_EXERCISE INSTRUCTIONS_
Every line from the one with "MEV 70 CYCLONE" through the last line below should be repeated exactly; pictures stay out of the copy.

Crawled caption data:
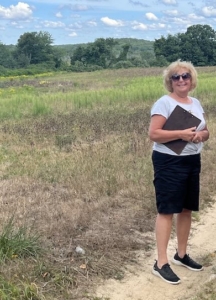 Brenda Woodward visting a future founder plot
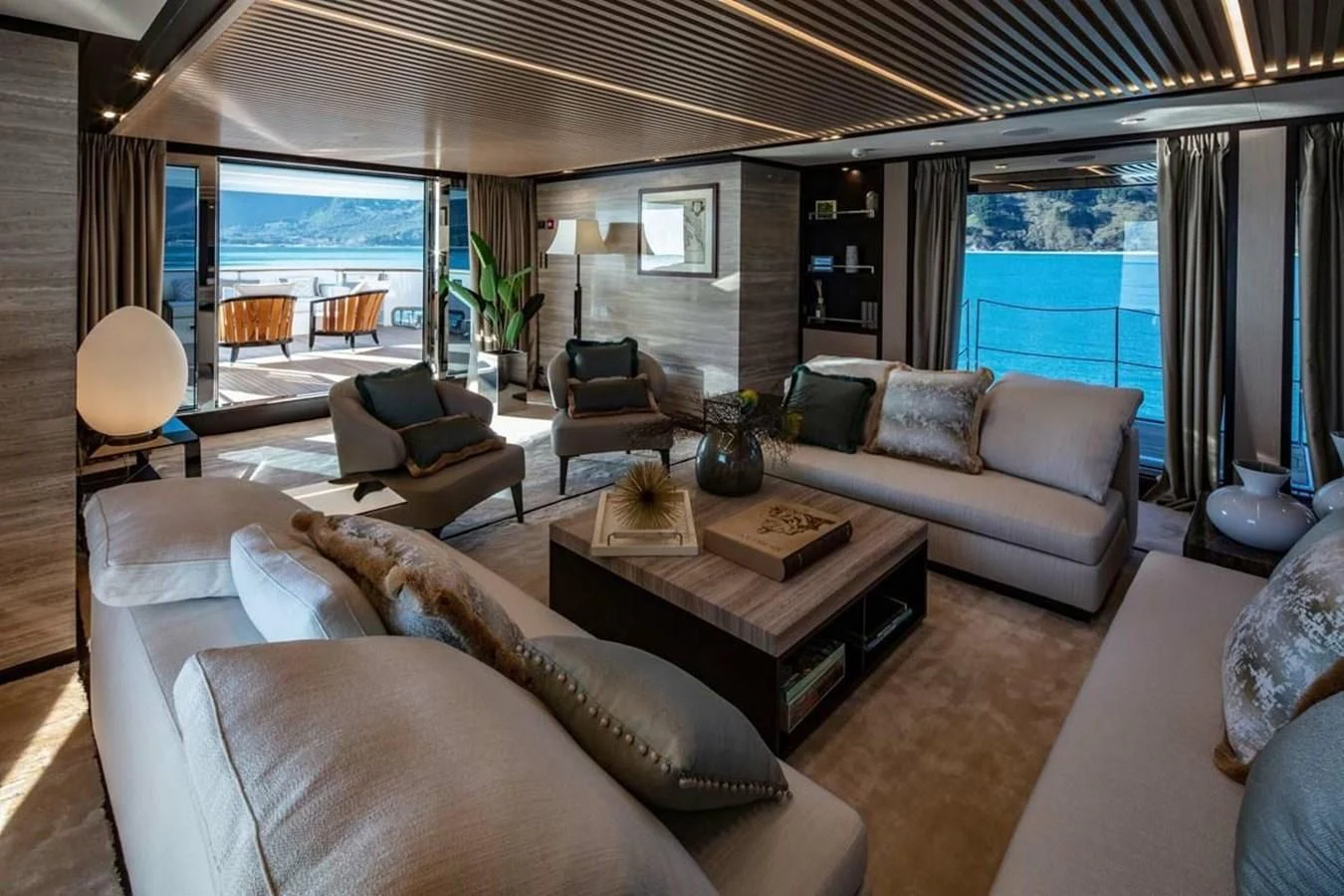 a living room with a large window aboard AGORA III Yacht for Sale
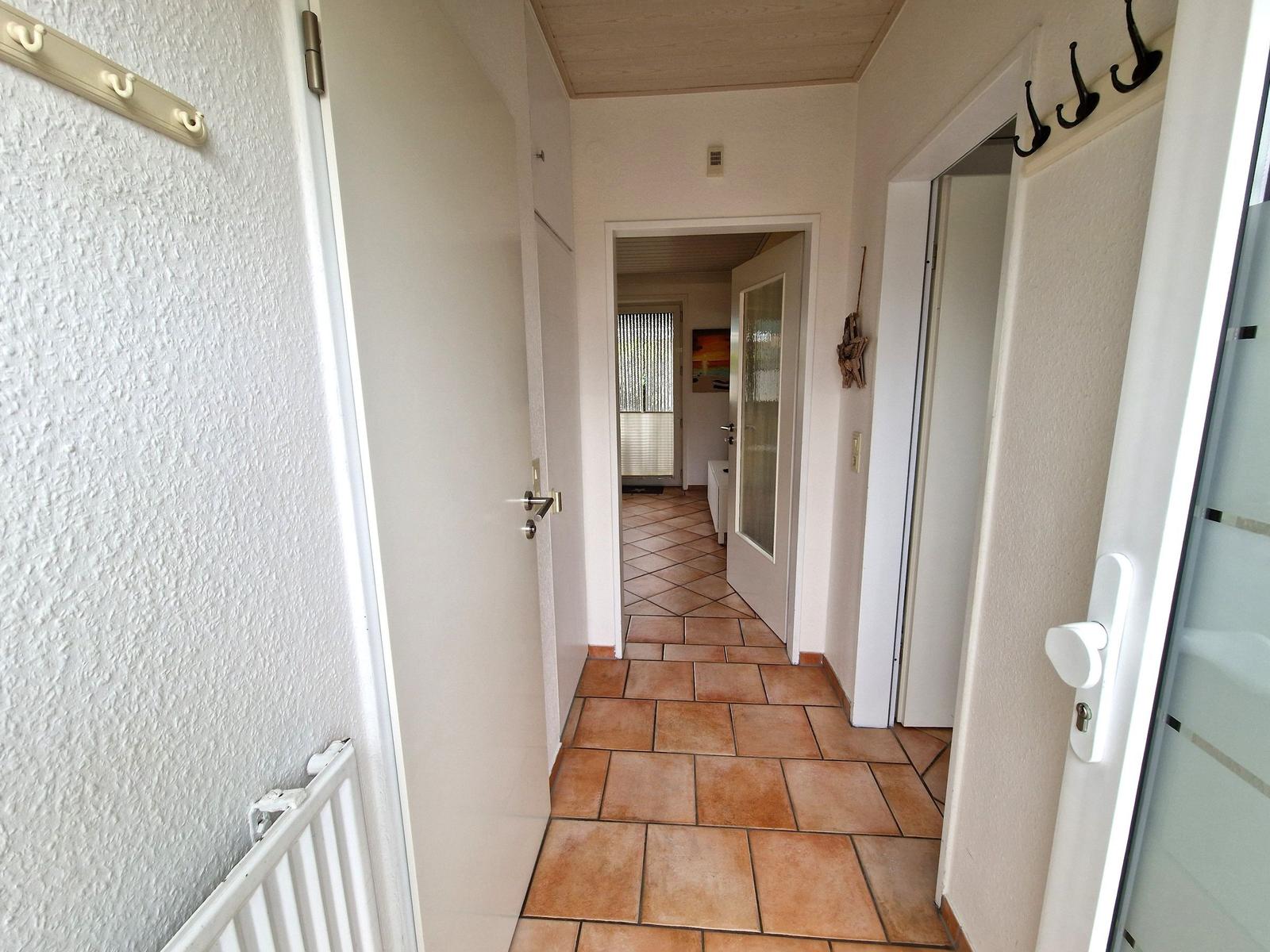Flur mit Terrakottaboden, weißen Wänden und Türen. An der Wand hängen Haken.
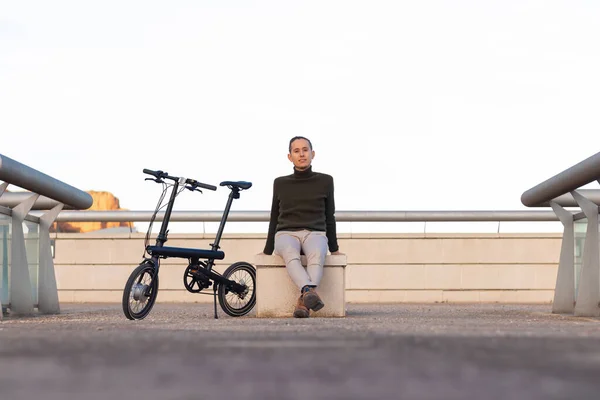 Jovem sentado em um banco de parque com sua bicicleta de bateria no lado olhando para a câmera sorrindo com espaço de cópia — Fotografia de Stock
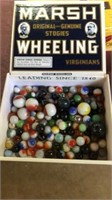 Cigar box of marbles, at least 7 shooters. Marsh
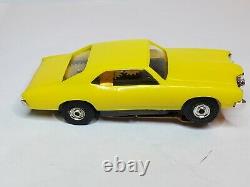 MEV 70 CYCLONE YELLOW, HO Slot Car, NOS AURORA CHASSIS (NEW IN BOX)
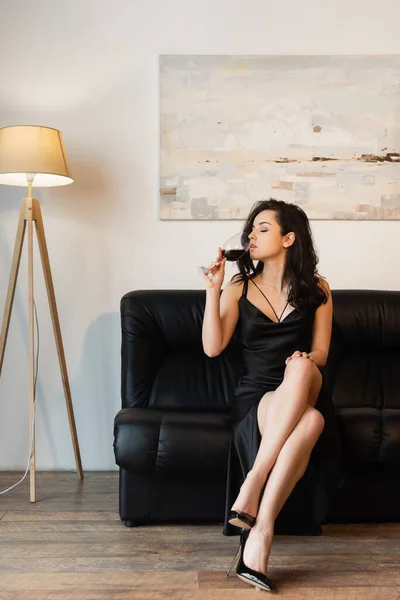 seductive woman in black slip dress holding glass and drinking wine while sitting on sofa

_EXPECTED ANSWER_
 MEV 70 CYCLONE YELLOW, HO Slot Car, NOS AURORA CHASSIS (NEW IN BOX)
 seductive woman in black slip dress holding glass and drinking wine while sitting on sofa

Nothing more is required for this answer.